A mais romântica e alegórica crônica sobre o fim do Velho Oeste.

9,0

Antes de produzir Pat Garret & Billy the Kid, Peckinpah (e Mann, e Leone, e tantos outros realizadores revisionistas) já havia decretado o fim da era western no Cinema, mas jamais de forma tão romântica e alegórica quanto neste monumento erguido à passagem do tempo – que muito bem pode ser encaixado como epílogo deste gênero. Em um único plano, sutilmente posicionado no início da fuga que estabelece a caminhada derradeira de Pat e Billy rumo à morte, Peckinpah de certa forma resume tom e substância de seu próprio filme: um take em contraluz mostrando a silhueta de um dos protagonistas enquanto anda a cavalo às margens de um lago, durante o crepúsculo.

É talvez o plano mais representativo de todo o Velho Oeste. Não este do filme de Peckinpah, mas a própria ação e o exercício de se fotografar o caubói em passos lentos rumando em direção a qualquer lugar, com o horizonte ao fundo, abusando de uma atmosfera romântica, épica. Mas Peckinpah filma tudo ao contrário. Não é no horizonte que se forma a silhueta – ele está encoberto por tantos outros contornos pretos que compõem a paisagem arborística da locação. O que vemos é o reflexo invertido nas águas do lago, sempre balançantes, deixando o caubói desfigurado, torto, com linhas tremulas.
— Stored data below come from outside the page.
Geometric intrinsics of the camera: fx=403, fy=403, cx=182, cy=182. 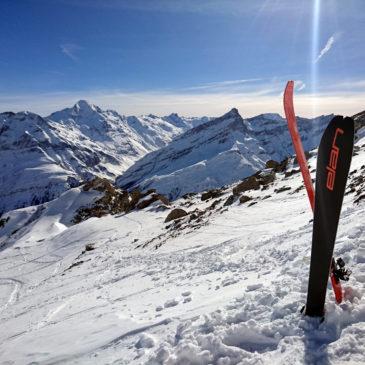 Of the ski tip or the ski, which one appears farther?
the ski

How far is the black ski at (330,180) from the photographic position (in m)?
5.81

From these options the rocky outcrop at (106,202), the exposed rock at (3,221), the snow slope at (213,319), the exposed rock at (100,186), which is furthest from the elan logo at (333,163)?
the exposed rock at (3,221)

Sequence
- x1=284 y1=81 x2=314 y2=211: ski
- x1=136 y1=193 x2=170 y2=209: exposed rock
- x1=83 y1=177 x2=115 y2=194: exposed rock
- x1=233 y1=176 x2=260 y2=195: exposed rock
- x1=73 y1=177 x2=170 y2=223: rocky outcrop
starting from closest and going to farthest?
x1=284 y1=81 x2=314 y2=211: ski, x1=233 y1=176 x2=260 y2=195: exposed rock, x1=136 y1=193 x2=170 y2=209: exposed rock, x1=73 y1=177 x2=170 y2=223: rocky outcrop, x1=83 y1=177 x2=115 y2=194: exposed rock

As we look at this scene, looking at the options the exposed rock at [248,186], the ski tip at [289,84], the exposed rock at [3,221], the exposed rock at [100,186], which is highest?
the ski tip at [289,84]

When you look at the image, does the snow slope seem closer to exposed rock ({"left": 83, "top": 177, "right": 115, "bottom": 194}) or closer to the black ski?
the black ski

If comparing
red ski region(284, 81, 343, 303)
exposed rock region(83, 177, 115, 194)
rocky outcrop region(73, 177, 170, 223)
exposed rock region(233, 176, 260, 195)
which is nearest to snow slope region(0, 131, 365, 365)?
red ski region(284, 81, 343, 303)

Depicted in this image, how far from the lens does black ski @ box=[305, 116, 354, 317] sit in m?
5.81

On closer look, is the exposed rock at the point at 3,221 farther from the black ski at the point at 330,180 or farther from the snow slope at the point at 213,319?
the black ski at the point at 330,180

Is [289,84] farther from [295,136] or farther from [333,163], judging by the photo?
[333,163]

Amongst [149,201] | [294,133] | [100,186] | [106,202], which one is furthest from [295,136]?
[100,186]

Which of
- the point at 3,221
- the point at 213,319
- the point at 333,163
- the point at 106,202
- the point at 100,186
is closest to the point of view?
the point at 333,163

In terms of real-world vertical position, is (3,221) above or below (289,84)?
below

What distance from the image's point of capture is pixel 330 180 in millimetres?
5898

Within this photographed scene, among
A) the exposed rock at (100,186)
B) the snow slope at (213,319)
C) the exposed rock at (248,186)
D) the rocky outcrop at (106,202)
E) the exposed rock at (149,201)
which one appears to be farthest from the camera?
the exposed rock at (100,186) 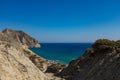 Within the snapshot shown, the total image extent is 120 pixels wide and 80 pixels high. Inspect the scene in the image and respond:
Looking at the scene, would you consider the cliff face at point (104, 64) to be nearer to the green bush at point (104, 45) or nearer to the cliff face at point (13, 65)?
the green bush at point (104, 45)

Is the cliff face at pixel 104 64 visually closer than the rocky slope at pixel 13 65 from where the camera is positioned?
No

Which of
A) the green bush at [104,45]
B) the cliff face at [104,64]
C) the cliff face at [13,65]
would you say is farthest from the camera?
the green bush at [104,45]

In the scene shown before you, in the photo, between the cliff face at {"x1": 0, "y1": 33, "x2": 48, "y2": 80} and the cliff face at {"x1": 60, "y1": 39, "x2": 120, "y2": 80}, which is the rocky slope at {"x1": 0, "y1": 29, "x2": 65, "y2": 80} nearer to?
the cliff face at {"x1": 0, "y1": 33, "x2": 48, "y2": 80}

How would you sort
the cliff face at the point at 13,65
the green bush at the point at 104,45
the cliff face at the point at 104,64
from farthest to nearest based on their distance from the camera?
the green bush at the point at 104,45 → the cliff face at the point at 104,64 → the cliff face at the point at 13,65

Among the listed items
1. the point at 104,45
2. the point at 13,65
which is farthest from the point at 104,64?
the point at 13,65

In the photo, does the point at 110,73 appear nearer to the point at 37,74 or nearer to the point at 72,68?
the point at 37,74

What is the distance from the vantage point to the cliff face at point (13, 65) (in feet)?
52.4

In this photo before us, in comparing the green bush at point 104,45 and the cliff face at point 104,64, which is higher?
the green bush at point 104,45

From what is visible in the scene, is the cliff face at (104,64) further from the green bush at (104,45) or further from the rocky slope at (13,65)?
the rocky slope at (13,65)

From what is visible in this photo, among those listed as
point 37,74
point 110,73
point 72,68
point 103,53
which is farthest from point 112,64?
point 72,68

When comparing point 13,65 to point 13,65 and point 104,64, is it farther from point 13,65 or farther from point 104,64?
point 104,64

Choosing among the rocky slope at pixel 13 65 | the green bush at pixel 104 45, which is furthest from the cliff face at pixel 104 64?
the rocky slope at pixel 13 65

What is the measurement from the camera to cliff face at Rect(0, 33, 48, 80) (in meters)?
16.0

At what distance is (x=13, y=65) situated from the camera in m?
16.9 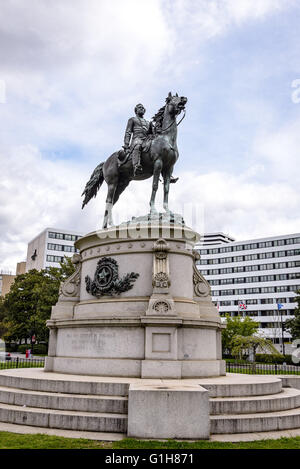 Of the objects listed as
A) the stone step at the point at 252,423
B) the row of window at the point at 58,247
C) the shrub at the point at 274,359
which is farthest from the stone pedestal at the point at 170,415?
the row of window at the point at 58,247

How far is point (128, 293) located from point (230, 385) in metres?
4.81

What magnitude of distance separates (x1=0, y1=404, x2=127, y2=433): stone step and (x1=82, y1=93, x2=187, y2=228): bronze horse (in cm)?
840

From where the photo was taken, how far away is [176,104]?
50.7ft

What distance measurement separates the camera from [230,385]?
1005 cm

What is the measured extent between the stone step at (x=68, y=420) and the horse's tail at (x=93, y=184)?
1054 centimetres

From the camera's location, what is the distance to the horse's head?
15.5 m

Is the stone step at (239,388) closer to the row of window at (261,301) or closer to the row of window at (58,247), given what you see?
the row of window at (261,301)

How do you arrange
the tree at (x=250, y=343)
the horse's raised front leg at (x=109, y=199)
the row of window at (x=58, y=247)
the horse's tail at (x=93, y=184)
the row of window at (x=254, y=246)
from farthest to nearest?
1. the row of window at (x=58, y=247)
2. the row of window at (x=254, y=246)
3. the tree at (x=250, y=343)
4. the horse's tail at (x=93, y=184)
5. the horse's raised front leg at (x=109, y=199)

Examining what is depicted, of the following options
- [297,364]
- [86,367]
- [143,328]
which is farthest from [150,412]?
[297,364]

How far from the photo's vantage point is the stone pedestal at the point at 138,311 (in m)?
12.1

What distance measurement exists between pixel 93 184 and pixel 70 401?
10.8 meters

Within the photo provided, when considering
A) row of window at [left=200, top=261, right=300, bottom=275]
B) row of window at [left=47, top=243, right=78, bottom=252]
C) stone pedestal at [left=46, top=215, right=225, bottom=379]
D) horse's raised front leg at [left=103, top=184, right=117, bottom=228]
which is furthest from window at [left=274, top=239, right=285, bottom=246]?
stone pedestal at [left=46, top=215, right=225, bottom=379]

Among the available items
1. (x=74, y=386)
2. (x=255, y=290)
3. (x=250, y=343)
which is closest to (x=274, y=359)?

O que encontramos neste Peckinpah não é o nosso Velho Oeste, aquele que tanto adoramos: vigoroso, embrutecido, musicado pelo tilintar das esporas e recheado com a macheza e violência corriqueiras do velho caubói americano. Pat Garret & Billy the Kid é a distorção, ou o fim definitivo de tudo isso, mais do que qualquer outro ensaiado anteriormente. O filme não aborda simplesmente o desencaixe do velho código de honra do Oeste, que  aos poucos foi vencido pela civilização e pelo desenvolvimento social, mas a punição a quem ainda não havia se entregado aos novos costumes, através dos quais a lei finalmente tomava o posto de maestro numa forma de tentar coibir a violência e encobrindo, automaticamente, a justiça autônoma que vingava por aquelas bandas em tempos passados.

Garret e Kid, assim sendo, representam dois lados de uma mesma moeda. Ambos são homens à moda antiga e, acima de tudo, grandes amigos, mas acabam desenvolvendo uma diferença determinante: enquanto Pat se rende ao novo modelo de sociedade que se estabelecia, Billy nega a adaptação. O fato que os coloca em lados opostos de uma mesma batalha – enquanto um permanece como caça, o outro se transforma em caçador – também motiva a melancolia que tanto as imagens, que surgem como força contrária aos ícones cristalizados pelos clássicos do western, quanto à trilha sonora de Bob Dylan, constroem através de cada seqüência.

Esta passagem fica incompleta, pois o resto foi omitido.